# EXERCISE DATA
__________

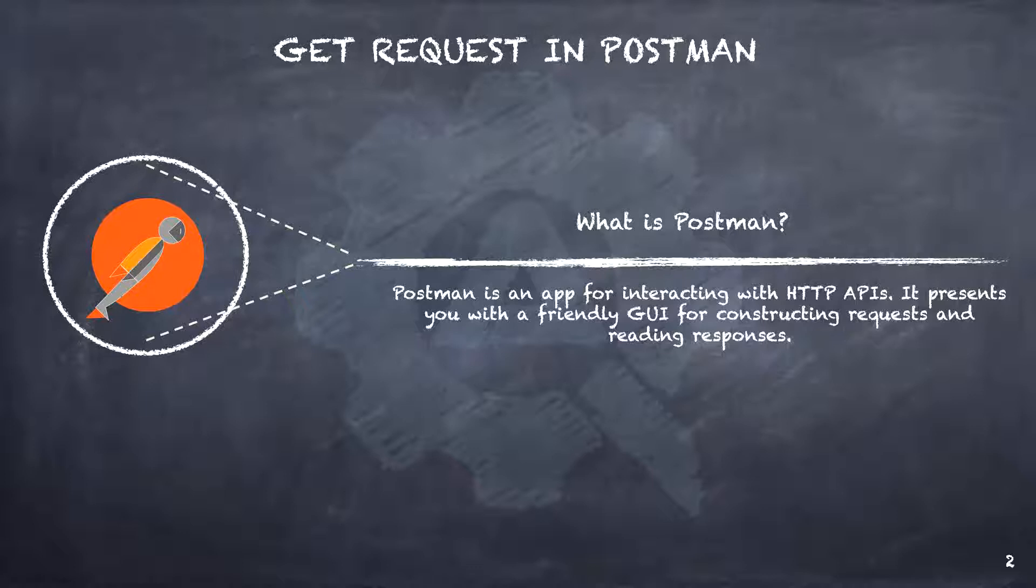Postman started as a Chrome extension but eventually it became very popular. And now it is a standalone desktop application. As we will explore Postman, you will realize that it provides a whole bunch of functionalities to test the APIs. And on top of it, it is very easy to get started with.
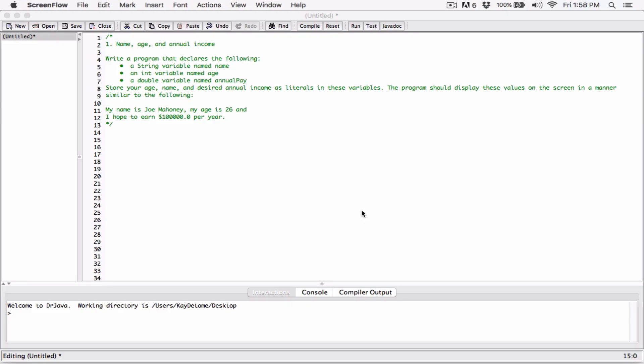This is going to be the first of many videos on the programming challenges in the book 'Starting Out with Java' by Tony Gaddis. Basically, after every chapter there are a couple of programming challenges that focus on just that chapter, and this is the first of the programming challenges in chapter one.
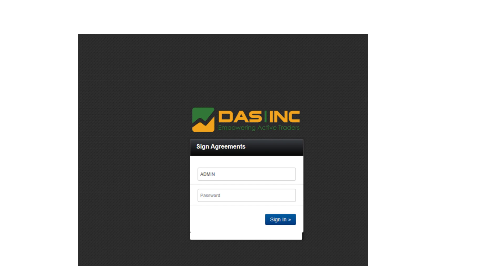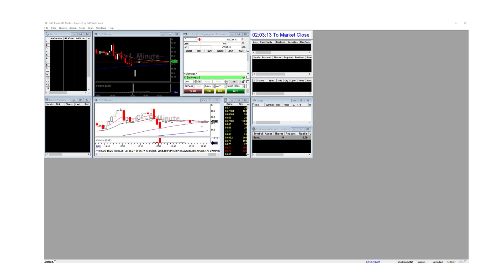To easily confirm if you're connected to the DOS servers, check the bottom right corner of your platform. If you see a blue chain link icon, you're connected. If it's red, you're currently offline and not connected to the DOS servers.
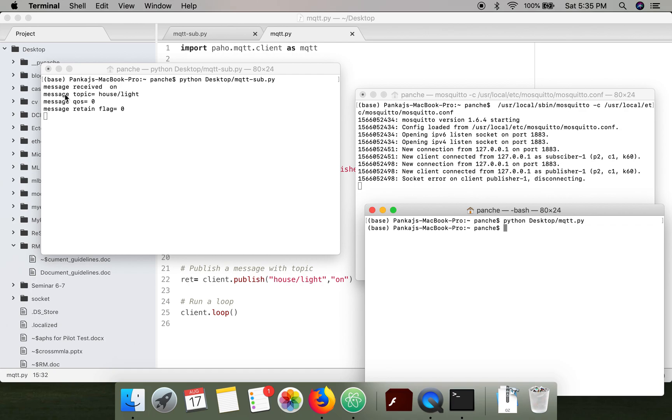This was the topic, this is the QoS quality of service level, and this is the retain flag. Thank you very much for watching.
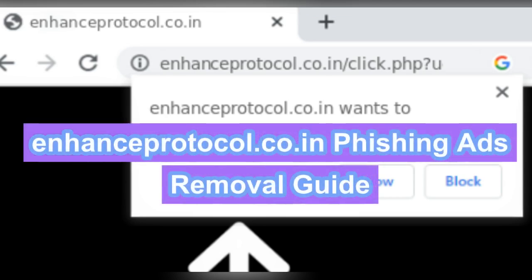EnhanceProtocol.co.in pushes phishing ads to computer. Follow this video to remove it.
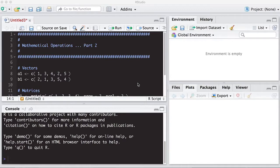Welcome to the R video tutorial on mathematical operations part two. This is part of Statistics 321 at Virginia Commonwealth University, but anybody can use it.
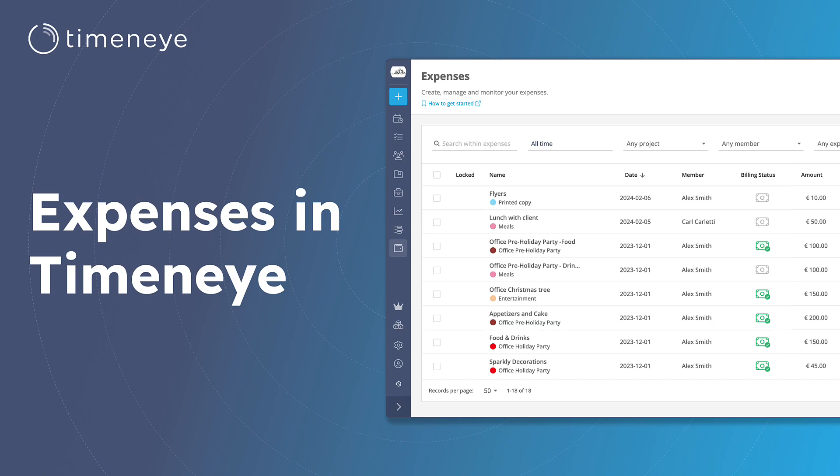Hello and welcome! In this video tutorial I will guide you through the process of effortlessly tracking expenses in Time&Eye.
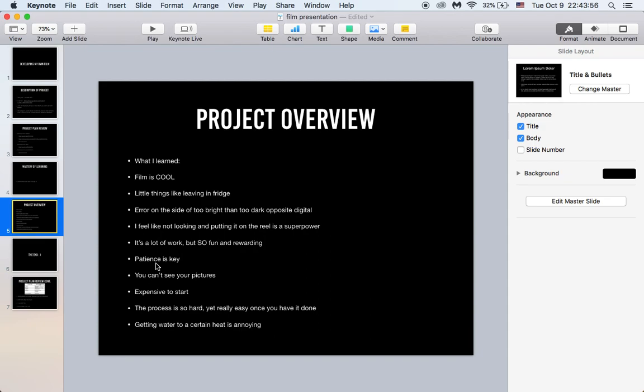You can't see your pictures. I kept wanting to look down at the back where the screen is. I'll take the picture and be like oh I can't see it, I have to wait a week until I develop it, which was really hard to get used to and I'm still not used to that part.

__________

# WHAT IS EXPECTED
Please print all of the records above exactly, omitting each picture.

# SOLVED EXERCISE
Postman started as a Chrome extension but eventually it became very popular. And now it is a standalone desktop application. As we will explore Postman, you will realize that it provides a whole bunch of functionalities to test the APIs. And on top of it, it is very easy to get started with.
This is going to be the first of many videos on the programming challenges in the book 'Starting Out with Java' by Tony Gaddis. Basically, after every chapter there are a couple of programming challenges that focus on just that chapter, and this is the first of the programming challenges in chapter one.
To easily confirm if you're connected to the DOS servers, check the bottom right corner of your platform. If you see a blue chain link icon, you're connected. If it's red, you're currently offline and not connected to the DOS servers.
This was the topic, this is the QoS quality of service level, and this is the retain flag. Thank you very much for watching.
EnhanceProtocol.co.in pushes phishing ads to computer. Follow this video to remove it.
Welcome to the R video tutorial on mathematical operations part two. This is part of Statistics 321 at Virginia Commonwealth University, but anybody can use it.
Hello and welcome! In this video tutorial I will guide you through the process of effortlessly tracking expenses in Time&Eye.
You can't see your pictures. I kept wanting to look down at the back where the screen is. I'll take the picture and be like oh I can't see it, I have to wait a week until I develop it, which was really hard to get used to and I'm still not used to that part.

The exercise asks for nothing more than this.